Oh! While you're assembling the pies, get out a medium skillet and set it over medium heat. Pour in about 1/4-1/2 inch of oil. Let that heat up while you're getting the pies ready.

Once the dough ball is rolled out, spoon a heaping tablespoon of filling in the center.



It's important to not fill these too much. The filling will just pour out and it will be a mess. You'll get the hang of it after the first one.

Okay, back to the pies.  Once your filling is on the dough, dip your finger in some water and run it around the edges. This acts like a glue so the dough will stick together. Now fold over one side so you make a half moon shape. Don't worry if the circle isn't perfect and doesn't match up perfectly.

Use a fork to press the edges together and make a pretty crimp pattern.


Perfect! Keep repeating until you've assembled all the pies. The oil should be hot now. Place two pies in and let them fry away! They will cook for about one minute on each side.


You will know the oil is ready when it bubbles around the pies once you put them in. It will also get kind of loud!

I only did two pies at a time, because if you put too many in, it's not only harder to flip them, but it brings the temperature of the oil down. The process will take a little longer, but you'll be making it easier on yourself, I promise!

Use tongs to flip the pies over. They should be golden brown and look crispy and flaky!


Once they're done, remove them from the oil and place them on a plate with a paper towel on it. This will help absorb the excess oil. Keep repeating until all the pies have been fried. 


When they're all finished cooking you could sprinkle them with powdered sugar or even cinnamon sugar would be good! Or you could shovel them all in your mouth at once. Your choice.

Feel free to scoop some vanilla ice cream on top. Just a suggestion :)

I put mine on a plate and topped it with some whipped cream. DEEEEEEELISH.

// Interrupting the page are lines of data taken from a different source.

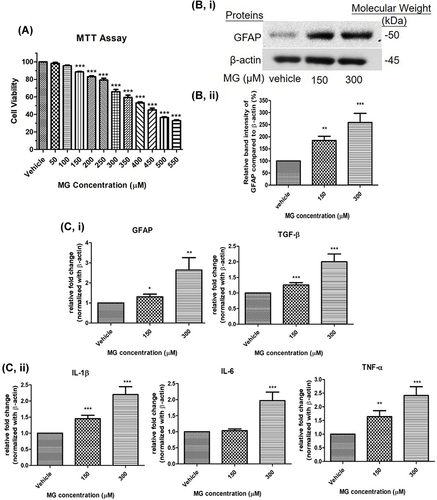 Figure 4 MG reduced cellular viability, increased astrocytic marker and pro-inflammatory cytokines in DITNC1 cells. (A) Cells were treated the indicated concentrations of MG for 24 hours. The cellular viability was found decreased in a dose dependent manner. Results are presented as means ± SEM, ***p < 0.001 versus the vehicle control. (n = 5) (B) GFAP expression of DITNC1 was examined by Western blot and was significantly increased after MG treatment. i Representative blots of GFAP expression at different concentrations of MG in relation to beta-actin. ii Bar graph indicates quantified result in percentage. Results are presented as means ± SEM, **p < 0.01, ***p < 0.001 versus the vehicle control. (n = 10) (C) The mRNA expression of DITNC1 were assessed by RT-PCR. i astrocytic markers, ii pro-inflammatory cytokines. All tested markers were found significantly up-regulated after 24 hours MG treatment. Beta-actin was used as mRNA internal control. Results are presented as means ± SEM, **p < 0.01, ***p < 0.001 versus the vehicle control. (n = 10).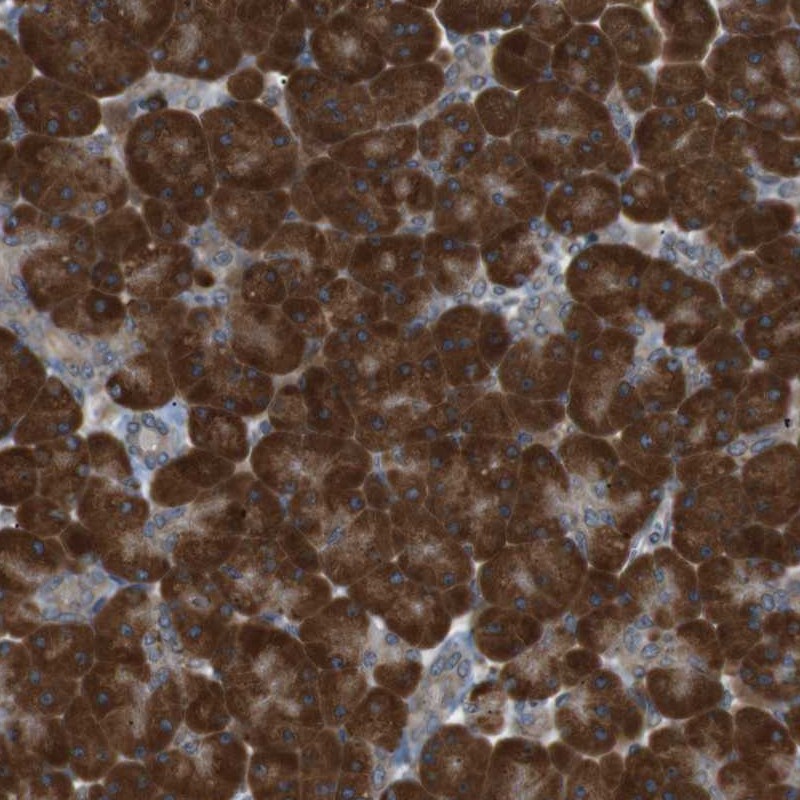 Anti-TMED9 Antibody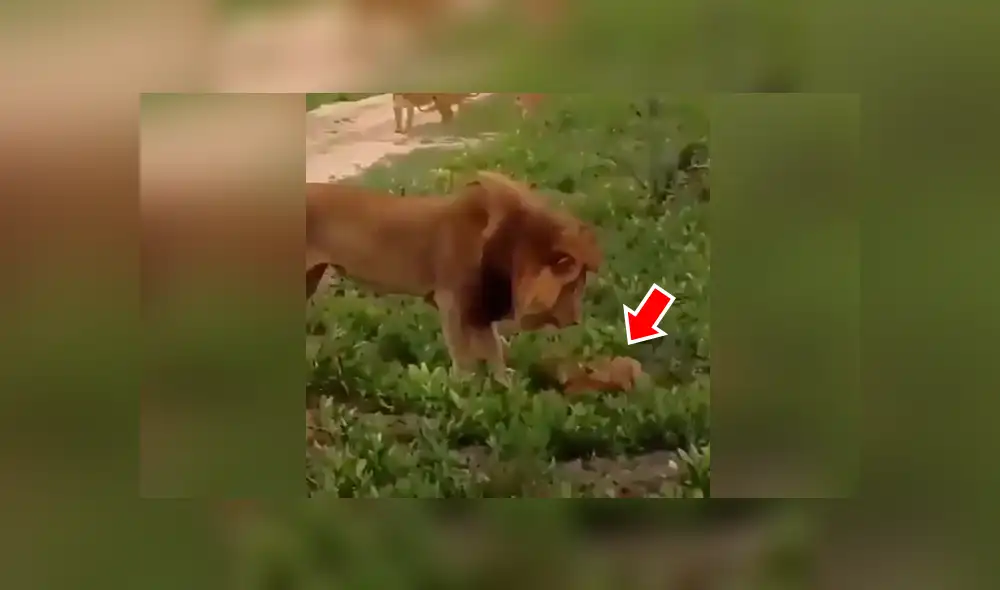 YouTube viral: León golpea a su cachorro, pero la madre lo descubre y le da su merecido [VIDEO] 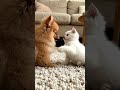 #viralvideo #animals #aishorts #minidoge #trendingshorts
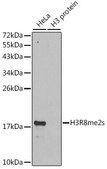 Anti-Symmetric DiMethyl-Histone H3-R8 antibody produced in rabbit
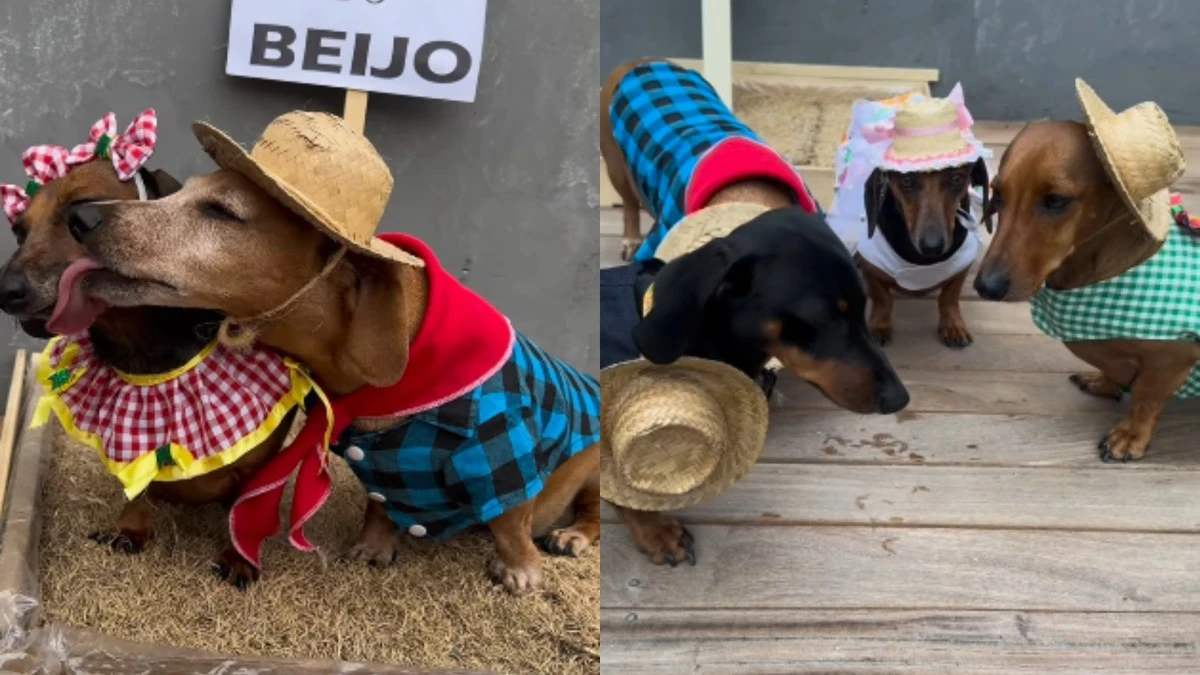 Festa junina canina? Pets viralizam com trajes caipiras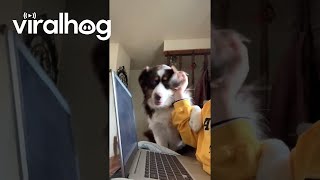 Australian Shepherd Wants All the Attention  ViralHog [upl. by Nnayllek]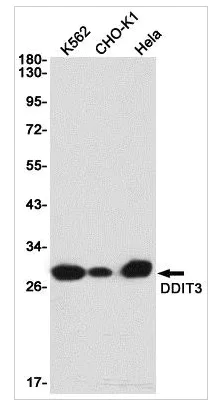 Western blot - Anti-CHOP Antibody [S02-6A3] (AB317378)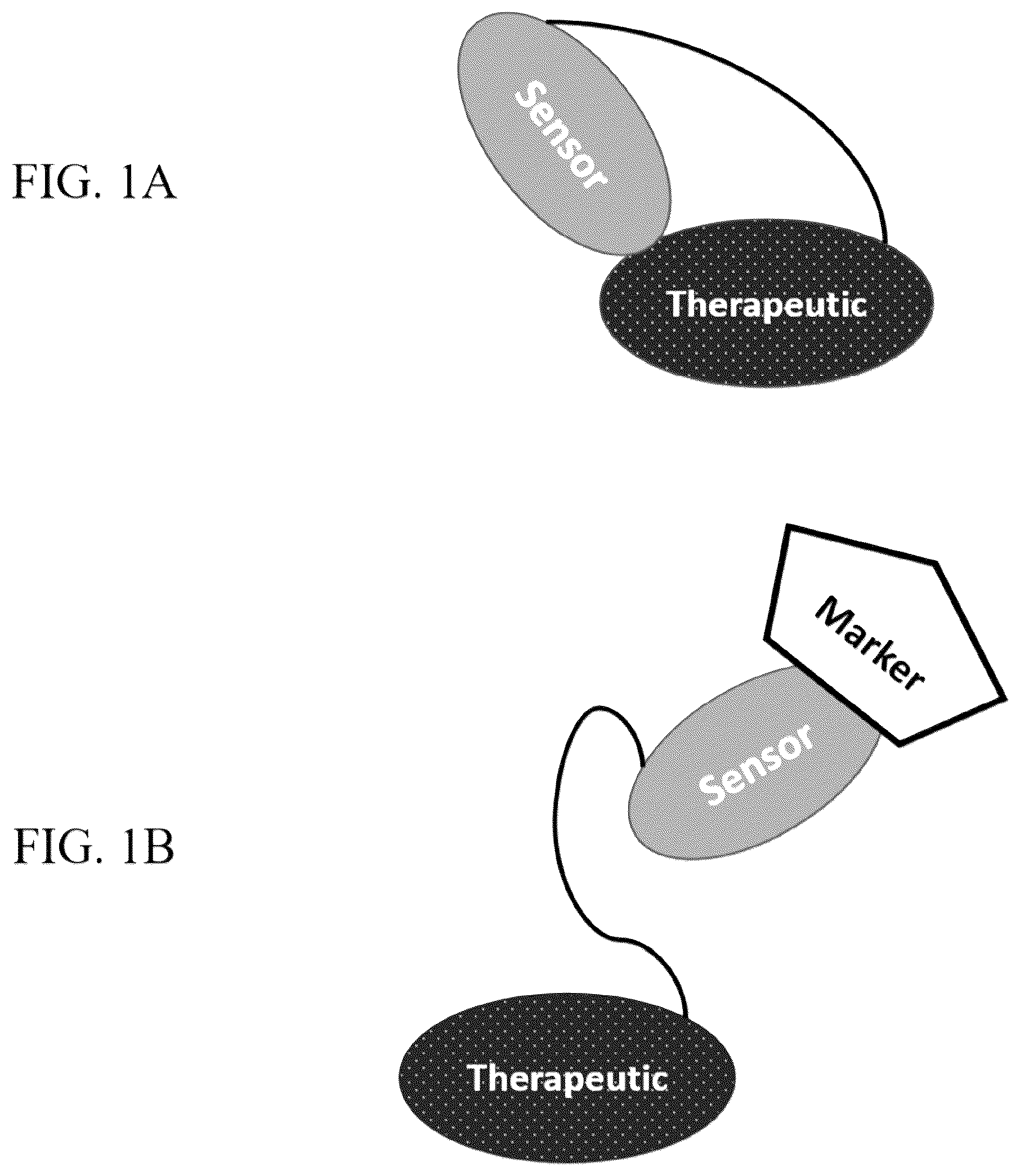 Patent US12303567 — Compositions of protein complexes and methods of use thereof — Figure 1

I hope y'all enjoy! This is a great recipe to make when you need to feed a crowd. I think everyone will like them because they've got that comfort food factor. They're good warm or at room temperature. They were eaten for breakfast the day after I made them. Don't worry, no one left one for me. They're were all gobbled up!

Now I'm already thinking about what other kind of fruit I could use. Wouldn't it be cool to make a couple different flavors and mix the pies up so no one knows which flavor they're getting?!?! Blueberry, peach, apple... cherry, apricot... okay. That's too much work.

Let me know if you make these and what you think! I know you'll love them as much as I do! 

Before I go!! Check out my flag cake I made for Memorial Day...


I just used a boxed white cake mix and baked it in a sheet pan, but I fancied it up by using milk instead of water and adding some vanilla bean paste. Then for the frosting I beat a block of cream cheese into a container of Cool Whip. I sweetened it a tad with 1/4 c. of powdered sugar (by the way, this mixture is ridiculously good. I could eat it by itself with a spoon. A big spoon.) Then I just cut strawberries in half for the stripes and placed some blueberries on there. 

Cute right? I got the idea from my roomie Val :) She makes it every year and it just sounded so good that I had to make one myself! I'm going to use this frosting recipe on other things. I got the idea because it's the filling in that strawberry pretzel salad we all know and love (You haven't had it? Where have you been? Call me immediately and I'll make one. You need some strawberry pretzel salad in your life.) and I thought it would be good. I was right! It's so light and delicious!